Dataset records
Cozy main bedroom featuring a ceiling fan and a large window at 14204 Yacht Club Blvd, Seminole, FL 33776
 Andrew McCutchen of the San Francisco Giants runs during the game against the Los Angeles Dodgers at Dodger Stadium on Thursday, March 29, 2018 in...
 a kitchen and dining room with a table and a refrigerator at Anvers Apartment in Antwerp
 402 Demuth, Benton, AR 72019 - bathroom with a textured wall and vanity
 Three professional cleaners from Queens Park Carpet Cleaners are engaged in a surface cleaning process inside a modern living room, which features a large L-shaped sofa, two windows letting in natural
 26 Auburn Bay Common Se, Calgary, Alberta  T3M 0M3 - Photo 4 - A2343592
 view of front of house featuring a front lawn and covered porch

EXERCISE BRIEF
Copy each line from the records above that includes the string "with".

ANSWER BELOW
 a kitchen and dining room with a table and a refrigerator at Anvers Apartment in Antwerp
 402 Demuth, Benton, AR 72019 - bathroom with a textured wall and vanity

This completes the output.